1.    SIGNATURE AND DELIVERY OF REQUIREMENTS

      Individual and Joint Owners - Signature Requirements. After carefully
      reading and completing this Letter of Transmittal, in order to tender your
      Units, Limited Partner(s) must sign at the "X" in the Signature Box. The
      signature(s) must correspond exactly with the name printed (or corrected)
      on the front of this Letter of Transmittal without any change whatsoever.
      Note: For Units held in a custodial account, the beneficial owner should
      sign in the Signature Box. If the Units are registered in the names of two
      or more joint holders, all such holders must sign this Letter of
      Transmittal.

      Trustees, Corporations and Fiduciaries - Signature Requirements.
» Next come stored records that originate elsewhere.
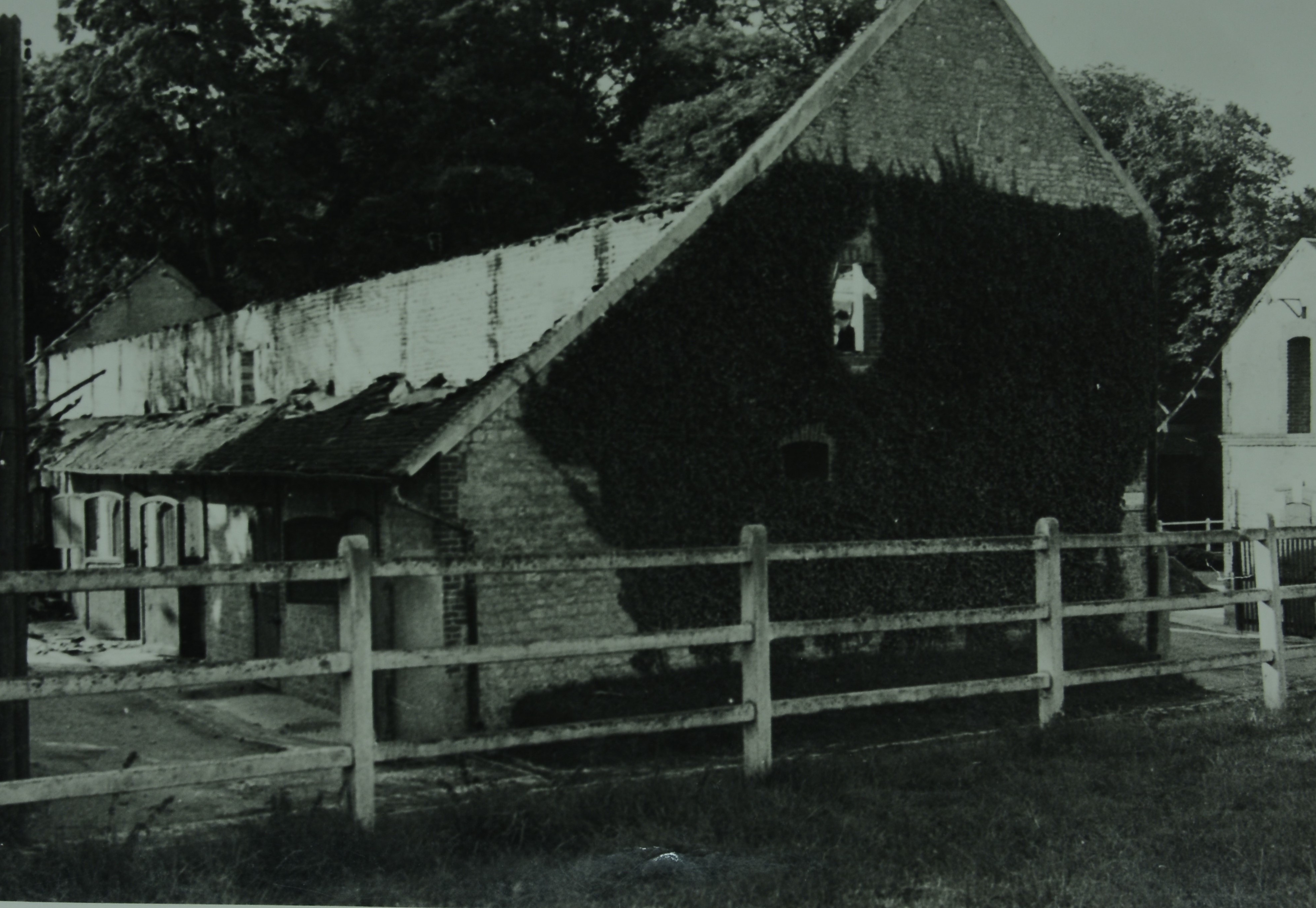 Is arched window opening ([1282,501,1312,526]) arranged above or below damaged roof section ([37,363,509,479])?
below

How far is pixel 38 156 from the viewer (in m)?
21.3

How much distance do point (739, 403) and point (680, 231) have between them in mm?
1720

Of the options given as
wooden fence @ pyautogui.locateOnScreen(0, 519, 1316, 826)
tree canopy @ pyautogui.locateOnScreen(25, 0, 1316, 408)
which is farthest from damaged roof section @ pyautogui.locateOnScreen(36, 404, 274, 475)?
wooden fence @ pyautogui.locateOnScreen(0, 519, 1316, 826)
Trustees,
      executors, administrators, guardians, attorneys-in-fact, officers of a
      corporation, authorized partner of a partnership or other persons acting
      in a fiduciary or representative capacity must sign at the "X" in the
      Signature Box. Signatories should indicate their title when signing and
      must submit proper evidence satisfactory to the Purchaser of their
      authority to act.

      Delivery Requirements. For Units to be validly assigned, a properly
      completed and duly executed copy of this Letter of Transmittal, together
      with any other documents required by this Letter of Transmittal (including
      the original certificate, to the extent in your possession), must be
      received by the Purchaser prior to or on the Expiration Date. To ensure
      receipt of this Letter of Transmittal, it is suggested that you use
      overnight courier delivery or, if this Letter of Transmittal is to be
      delivered by U.S. Mail, you use certified or registered mail, return
      receipt requested. Facsimiles will be accepted subject to the receipt by
      the Purchaser of original documentation. All Letters of Transmittal should
      be addressed as follows:

            By Mail or Overnight Courier:    River Oaks Partnership Services,
                                             Inc. at one of the addresses set
                                             forth on the back cover of this
                                             Letter of Transmittal

            By Facsimile:                    (201) 460-2889

            For Additional Information Call: (877) 842-2412

Documentation

            Deceased Owner -                 Copy of Death Certificate.If other
                                             than a Joint Tenant, see also
                                             Executor/Administrator/Guardian
                                             below.

            Deceased Owner (Other) -         See Executor/Administrator/Guardian
                                             (a) below.

            Executor/Administrator
            Guardian -                       (a) Send copy of Court Appointment
                                             Documents; and (b) a copy of
                                             applicable provisions of Will
                                             (Title Page, Executor powers asset
                                             distributions); or (c) Estate
                                             distribution documents.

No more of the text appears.